On 12 July 2022, the UK Competition and Markets Authority published final guidance for its new antitrust rules governing vertical agreements. The new rules provide additional flexibility for the design of distribution arrangements, although business will need to navigate some divergence between the EU and UK systems.
What are the VABEO and CMA Guidance?
Up to 1 June 2022, the 2010 EU Vertical Agreements Block Exemption (VBER) applied to vertical agreements in the UK, since the VBER was retained in UK law following the UK's exit from the EU. This provided parties to vertical agreements (agreements entered into between businesses operating at different levels of the supply chain) with clarity about the compatibility of their agreements with UK antitrust law, by creating a safe harbour exemption, pending the UK Government deciding how to amend the rules governing vertical agreements in a post-Brexit environment.
On 1 June 2022, the old VBER expired and new rules came into force in both the EU and UK. The 2010 EU VBER was replaced by a new VBER (see our previous alert here), and the UK now has its own separate exemption having introduced a new Vertical Agreements Block Exemption Order (VABEO).
The VABEO has a transitional period of one year, during which agreements that were entered into before 1 June 2022 and comply with the 2010 VBER, will remain exempt until 1 June 2023.
The VABEO will be in force for 6 years until 1 June 2028. This a shorter duration than that foreseen for the new VBER which will be in force for 12 years. This provides for flexibility to see how the new rules impact business in practice, and opens up the possibility of the UK revisiting its approach to vertical agreements significantly earlier than the European Commission, with the possibility of further divergence between the EU and UK down the road.
The Competition and Markets Authority (CMA) Guidance on the VABEO aims to help companies self-assess whether their agreements benefit from the VABEO, or otherwise comply with UK antitrust law.
Set out below is a snapshot overview of the key features of the new UK vertical regime. In some respects the VABEO retains concepts familiar to UK business from the old VBER but in other respects there are now different rules to those applying under the new VBER (we highlight key differences to the new VBER in bold).

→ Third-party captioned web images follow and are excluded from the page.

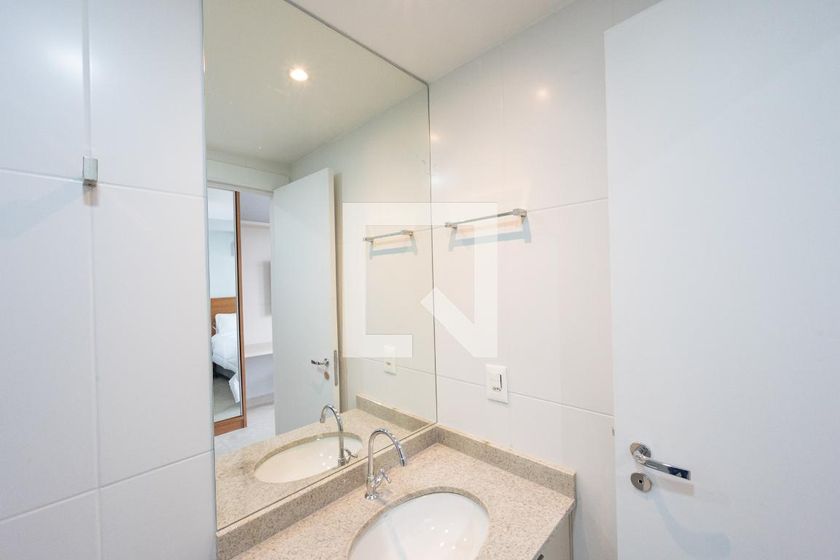 Kitnet-Studio, 25 m² - Foto 29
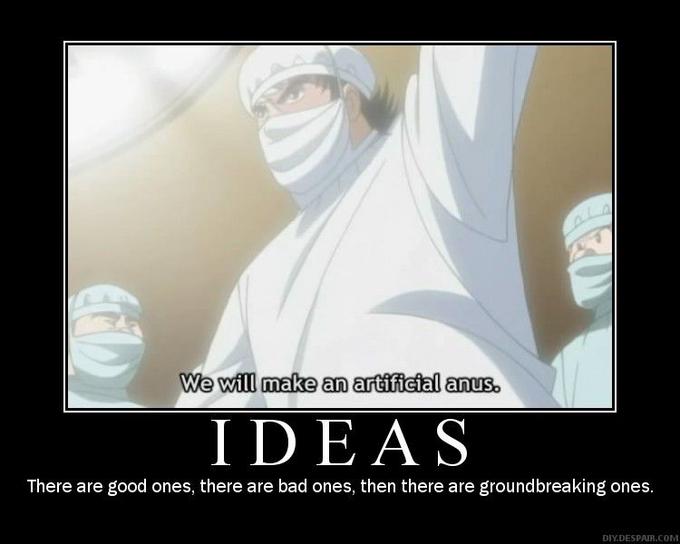 ideaswb5.jpg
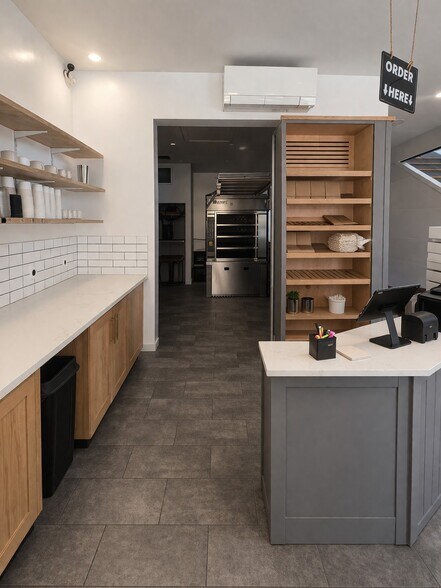 More Photos Of 10 E Main St, Pawling Restaurant For Sale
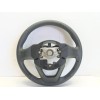 Recambio de volante para toyota aygo x (_b7_) 1.0 vvt-i (kgb70) referencia OEM IAM 451000H100C1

The VABEO may give companies operating in the UK more flexibility as to how the structure their vertical agreements, compared to the equivalent European rules under the new VBER. However, as many EU and UK companies will continue to operate in both the UK and EU (including Northern Ireland where the EU rules continue to apply) the divergence between the VABEO and new VBER may cause difficulties, to the extent that different rules may apply to their distribution agreements depending on the territories in which they are supposed to operate.

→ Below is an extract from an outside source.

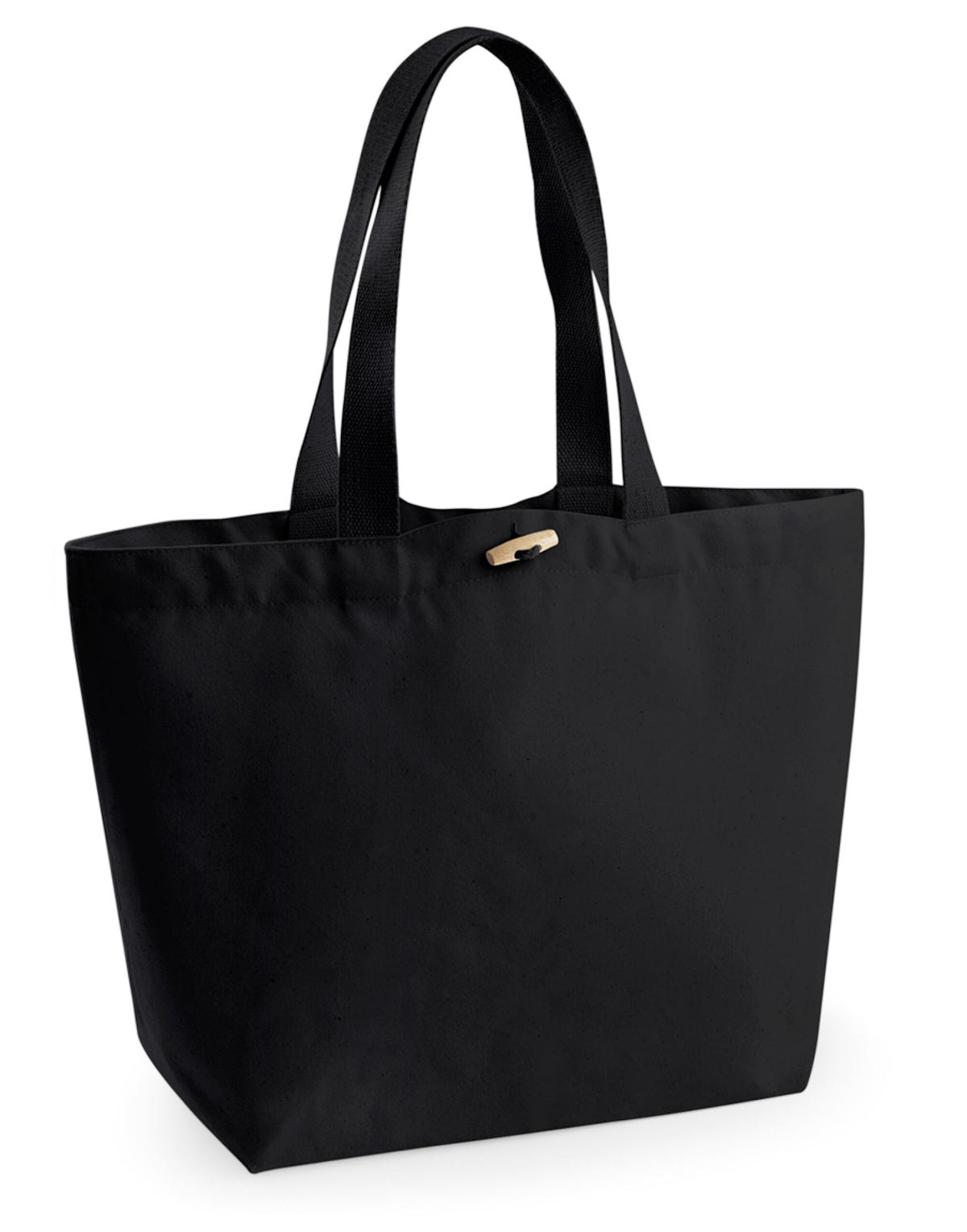 Westford Mill W850 EAware® Org Marina Tote - Black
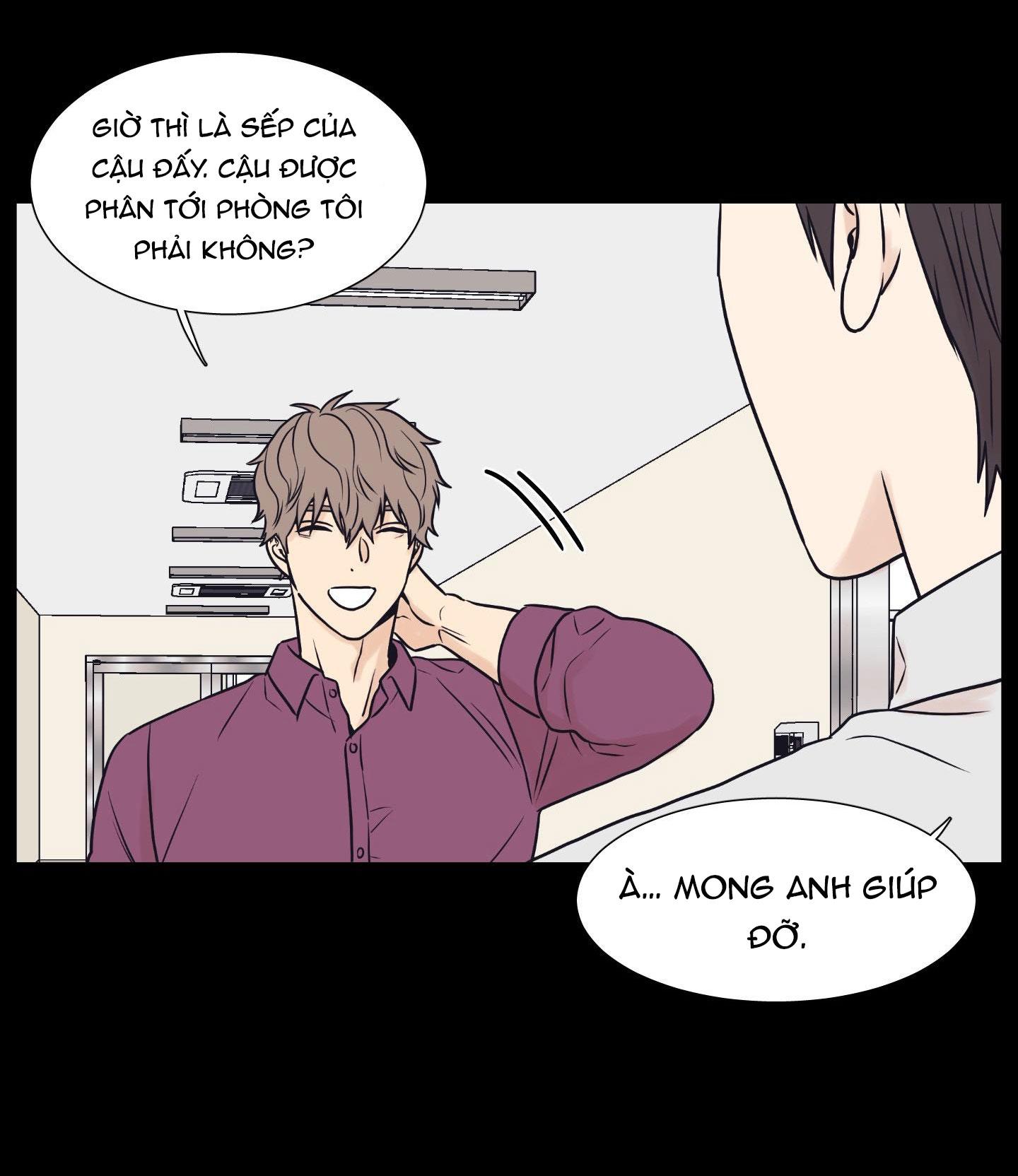 tổng hợp truyện bl ngắn chịch hỏny chapter 4.7 46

Multi-national companies may be used to operating under different rules (e.g. as between the EU and the US), but for companies typically focussed only on Europe the divergence may lead to some teething problems. It may be that some companies adopt a single template for vertical agreements covering both the EU and UK, incorporating the most restrictive rules from each of the new VBER and VABEO. This may be easier for business but consumers may not then benefit from some of the changes introduced by the new VBER or VABEO. So whilst the rules may now diverge it remains to be seen whether companies seek to amend their arrangements to benefit from them to the fullest extent.